ESG-focused pension funds approach problem companies in different ways. Some opt for positive screening, excluding all but the top percentile from their portfolio. Others exclude specific industries due to conviction, often based on environmental or other concerns.
Norway’s KLP, the country’s largest pension provider, is a passive index investor and attempts to engage with firms from nearly all sectors, only mandating a blanket ban on industries in line with the UN Global Compact and firms based around the OECD’s guidelines on corruption.
“Our approach is very much in line with the Norwegian Government Pension Fund Global,” Jeanett Bergan, head of responsible investment at KLP says. The provider divests in line with the sovereign fund’s rules, but also monitors business ethics, excluding companies due to concerns over fraud.
“Enron would be a good example of a company that would be excluded,” she adds. “Unfortunately, in such cases it’s in the portfolio until it’s known, so it is an attempt to capture these companies in advance.” The UK supermarket group Tesco, which recently saw a criminal investigation launched into accounting regularities spanning several years, has also been flagged up as a result of the provider’s focus on accounting.
Bergan stresses that exclusion is always a last resort tactic, meaning that companies are unlikely to be barred from the portfolio on ethical grounds unless there is proof of criminality.
But divestment is frowned upon by some funds that prefer to engage, either publicly or privately, above all else. This is illustrated by the approach taken by the UK’s National Employment Savings Trust (NEST), which opted against exclusion prior to launch in 2010, in the face of considerable scrutiny over its future role as one of the largest UK asset owners. The fund still considers good stewardship as a cornerstone of its investment approach, with CIO Mark Fawcett in the past blaming lax engagement for the billions in fines levied at banks.

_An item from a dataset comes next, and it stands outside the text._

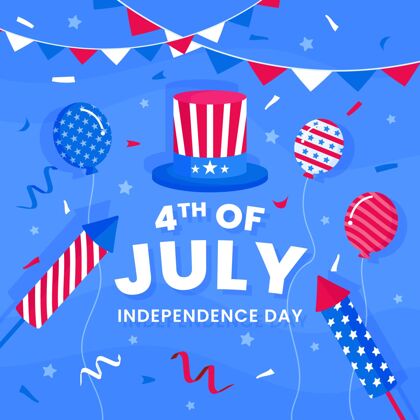 7月4日七月四日-独立日插画美国纪念美国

Bergan remains adamant that retaining the ability to divest is vital. “Exclusion is a very powerful and important tool – even more powerful and important when you have it in conjunction with active ownership, because it really puts the pressure on during the engagement with companies.”

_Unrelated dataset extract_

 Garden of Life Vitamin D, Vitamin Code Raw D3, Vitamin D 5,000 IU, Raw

As part of its most recent exclusion, KLP barred two-dozen fossil fuel producers, but plans to engage with the sector at large to ensure it moves in a more climate-friendly direction. It also excluded several companies over their procurement of cotton from Uzbekistan – because of the country’s track record on child and forced labour.
Bergan says the provider dislikes exclusion, and ensures that the process and reasons for removing a company from the investment universe are abundantly clear. She adds that she tells companies that KLP often has a hope that firms will be readmitted to the investment universe.
KLP continues to monitor all of the currently 99 excluded companies, with sporadic engagement with the firms affected. “We continue the dialogue,” she says, naming two firms that are on a blacklist, but which are able to communicate to KLP whether and how they are addressing the concerns that led to the exclusion. “It’s a good dialogue, and [companies] are concerned about the issues. They really do like to meet us, which is why it’s so nice when you can reinvest in companies.”
Bergan has been working on issues of engagement for 15 years, first at Storebrand and then working on corporate social responsibility at KPMG. She has been at KLP since 2007, and says she enjoys being able to prove that the engagement efforts have paid off. “Sometimes we wish we had achieved more; the reason for exclusion is no longer there.”
One example of a company where the re-admission is warranted is internet giant Yahoo, allowed back in December after nearly a decade. The US firm was banned when it handed information to the Chinese authorities that led to the imprisonment of a local journalist.
Bergan says the firm is not yet perfect, but that the time had come to lift the ban. Similarly, KLP re-admitted Japanese car manufacturer Toyota last year. Bridgestone Corporation was re-admitted in 2013 after concerns over child labour in Liberia were addressed.
WalMart remains excluded, and Bergan notes that she has, over the course of her engagement career, never successfully arranged a meeting with the US retailer, although she has not attempted to meet with the company recently.
She admits a minority shareholder such as KLP will not always be successful. “You cannot expect that you will change multinational companies from another country or culture.”